Sorry, it\'s a long one, but I\'m just explaining my train of thought as I analyze this. Questions at the end.
I have an understanding of what goes into measuring runni
My first thought is that a loop as simple as
for (int i = 0; i < x; i++)
{
timer.Start();
test();
timer.Stop();
}
is kinda silly compared to:
timer.Start();
for (int i = 0; i < x; i++)
test();
timer.Stop();
the reason is that (1) this kind of "for" loop has a very tiny overhead, so small that it's almost not worth worrying about even if test() only takes a microsecond, and (2) timer.Start() and timer.Stop() have their own overhead, which is likely to affect the results more than the for loop. That said, I took a peek at Stopwatch in Reflector and noticed that Start() and Stop() are fairly cheap (calling Elapsed* properties is likely more expensive, considering the math involved.)
Make sure the IsHighResolution property of Stopwatch is true. If it's false, Stopwatch uses DateTime.UtcNow, which I believe is only updated every 15-16 ms.
1. Is getting the running time of each individual iteration generally a good thing to have?
It is not usually necessary to measure the runtime of each individual iteration, but it is useful to find out how much the performance varies between different iterations. To this end, you can compute the min/max (or k outliers) and standard deviation. Only the "median" statistic requires you to record every iteration.
If you find that the standard deviation is large, you might then have reason to reason to record every iteration, in order to explore why the time keeps changing.
Some people have written small frameworks to help you do performance benchmarks. For example, CodeTimers. If you are testing something that is so tiny and simple that the overhead of the benchmark library matters, consider running the operation in a for-loop inside the lambda that the benchmark library calls. If the operation is so tiny that the overhead of a for-loop matters (e.g. measuring the speed of multiplication), then use manual loop unrolling. But if you use loop unrolling, remember that most real-world apps don't use manual loop unrolling, so your benchmark results may overstate the real-world performance.

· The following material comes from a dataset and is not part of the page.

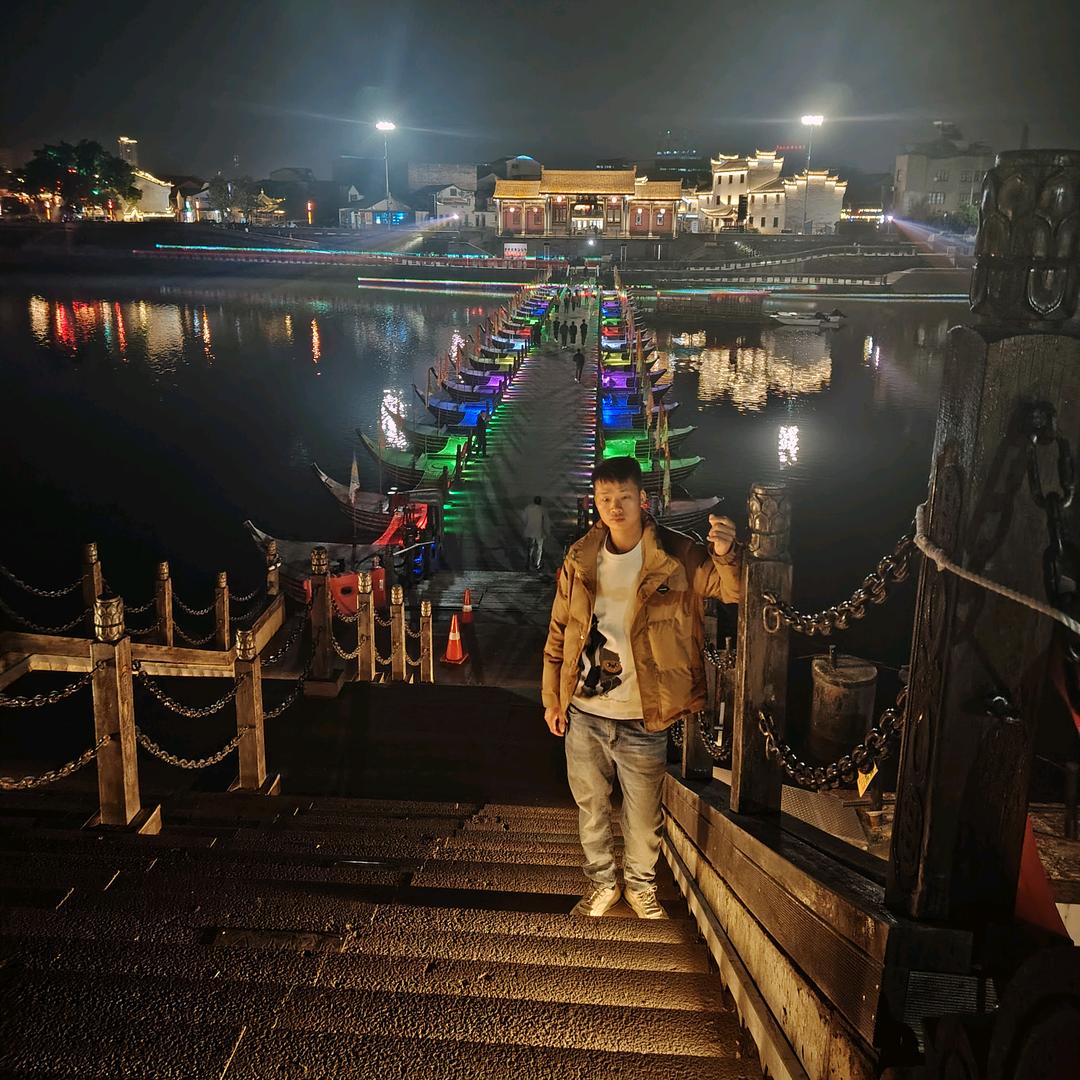 《王少》抖音热歌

For myself I wrote a little class for gathering min, max, mean, and standard deviation, which could be used for benchmarks or other statistics:
// A lightweight class to help you compute the minimum, maximum, average
// and standard deviation of a set of values. Call Clear(), then Add(each
// value); you can compute the average and standard deviation at any time by
// calling Avg() and StdDeviation().
class Statistic
{
public double Min;
public double Max;
public double Count;
public double SumTotal;
public double SumOfSquares;
public void Clear()
{
SumOfSquares = Min = Max = Count = SumTotal = 0;
}
public void Add(double nextValue)
{
Debug.Assert(!double.IsNaN(nextValue));
if (Count > 0)
{
if (Min > nextValue)
Min = nextValue;
if (Max < nextValue)
Max = nextValue;
SumTotal += nextValue;
SumOfSquares += nextValue * nextValue;
Count++;
}
else
{
Min = Max = SumTotal = nextValue;
SumOfSquares = nextValue * nextValue;
Count = 1;
}
}
public double Avg()
{
return SumTotal / Count;
}
public double Variance()
{
return (SumOfSquares * Count - SumTotal * SumTotal) / (Count * (Count - 1));
}
public double StdDeviation()
{
return Math.Sqrt(Variance());
}
public Statistic Clone()
{
return (Statistic)MemberwiseClone();
}
};
2. Is having a small loop of runs before the actual timing starts good too?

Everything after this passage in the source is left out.